Он придвинулся к ней и указал в окно:
– За теми садами музей. Считается самым старым домом на Монмартре.
– Там жил Ренуар? – спросила Кара, чувствуя, как его бедро прижимается к ней.
– Не совсем. Он недолго жил в доме позади. Но там жил Морис Утрилло.
Пока они ехали по мощенным булыжником улицам, Пепе указывал ей на другие интересные места, его слова вдыхали жизнь в старинные здания. Ей было особенно интересно, что это связано со временем импрессионистов. Пепе так много знал о Монмартре, так занимательно рассказывал, а слушать глубокий сицилийский выговор – это все равно что слушать музыку.
Кара даже расстроилась, когда водитель остановил машину на узкой улочке, по обеим сторонам которой тянулись белые пятиэтажные дома, кафе и магазины. Она с удовольствием покаталась бы еще.
К ее удивлению, они вошли в тесное, захолустное на вид кафе, где запах кофе смешался с запахом пота и сигарет. Пепе за руку и с поцелуями поздоровался со служащими, затем провел Кару через кафе в маленький задний дворик.
– Прошу. – Он махнул рукой на шаткую на вид железную лестницу, которая вела на верхний этаж. – Не бойся, лестница надежная.
– Разве нет лестницы внутри?
– Есть, но, как ты видела, кафе многолюдно, и, если все вечерние гости будут ею пользоваться, мы помешаем персоналу.
– Тогда зачем проходить через передний вход? Почему не попросить шофера подвезти нас к задней двери?
– Потому что персонал обидится, зная, что я здесь и не зашел поздороваться.
– От скромности ты не умрешь, – пробурчала она.
– Прости мне мою нескромность, но я хороший хозяин.
Она непонимающе сдвинула брови.
– Я владелец этого дома, – пояснил он.
– Я-то думала, что ты владелец виноградников.
– Это так.

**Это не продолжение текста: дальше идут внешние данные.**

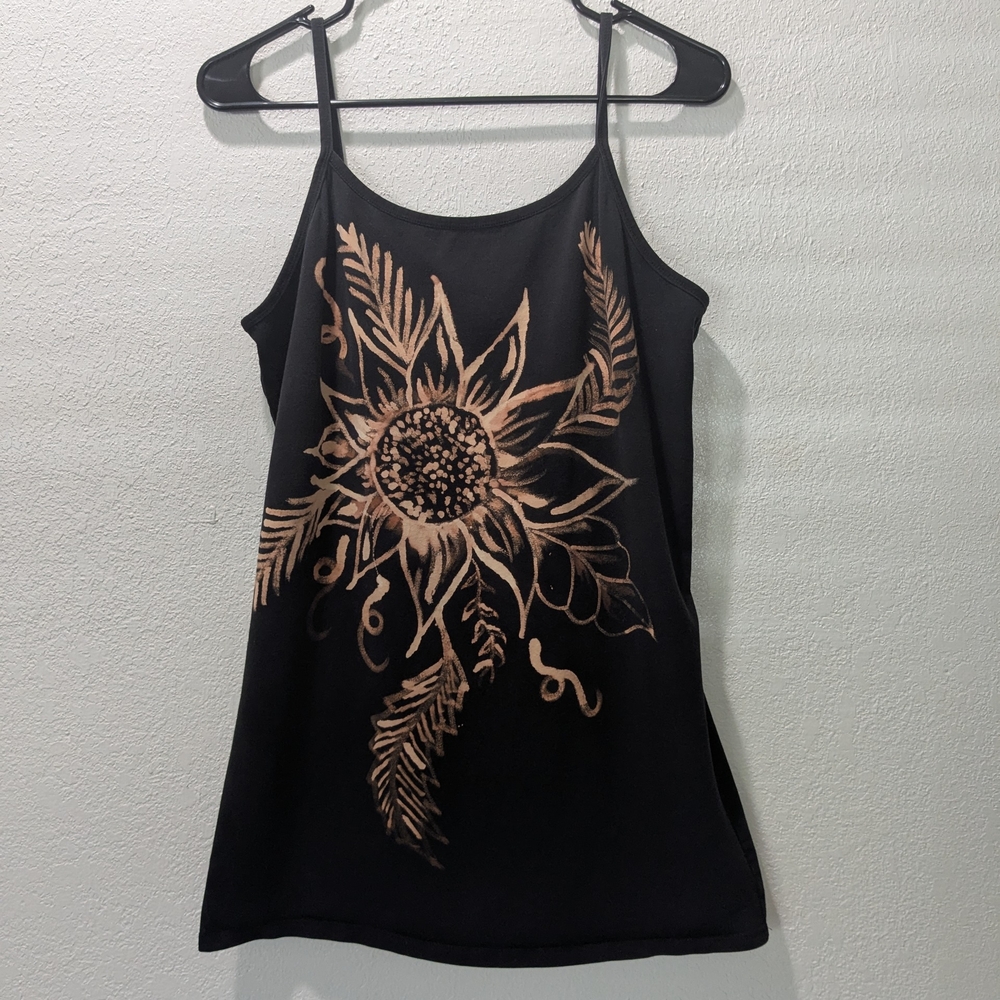 Maurices Black Cotton Blend Top With Bleach Art Sunflower Sz XL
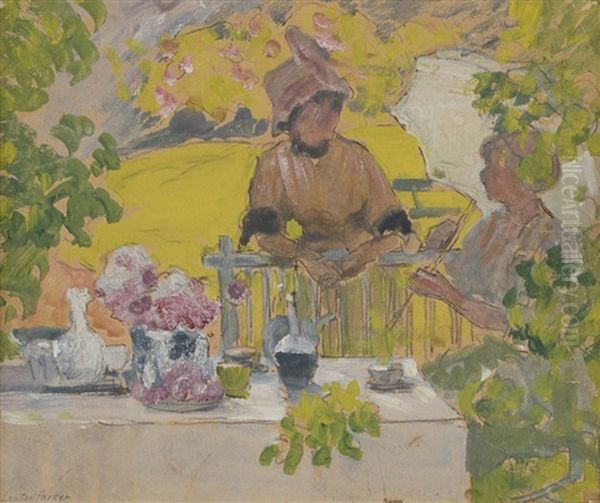 Picnic In The Garden Oil Painting by Lawton S. Parker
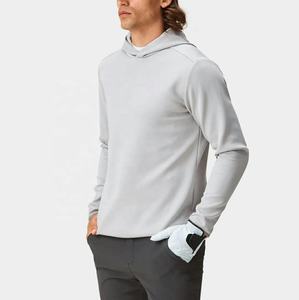Jersey de Golf de manga larga de algodón 100% ligero para hombre, Sudadera con capucha, estilo con cremallera, patrón sólido, tela suave para entrenamiento de primavera - Product Image 1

Разве тебе неизвестно, что разнообразие придает остроту жизни?
Кара фыркнула и запахнула на груди накидку.
– Странно, что ты не превратил кафе в современный отель.
Он усмехнулся:
– И лишил бы тем самым очарования? Эта улица – типичный старинный Монмартр, туристы сюда почти не заглядывают – они бродят по другим улицам. Я намерен сохранить все как есть. Так мы идем?
– Я не знаю…
– У тебя кружится голова?
– Нет.
– Тогда вперед.
– Я беременна.
– Разве беременные женщины не поднимаются по лестницам?
– Не говори глупостей.
Лицо у него смягчилось.
– Обещаю, с тобой или с твоим ребенком ничего не случится. Эта лестница построена всего года два назад, и я сам наблюдал за ее возведением. Я иду следом. Обещаю, что ты не упадешь.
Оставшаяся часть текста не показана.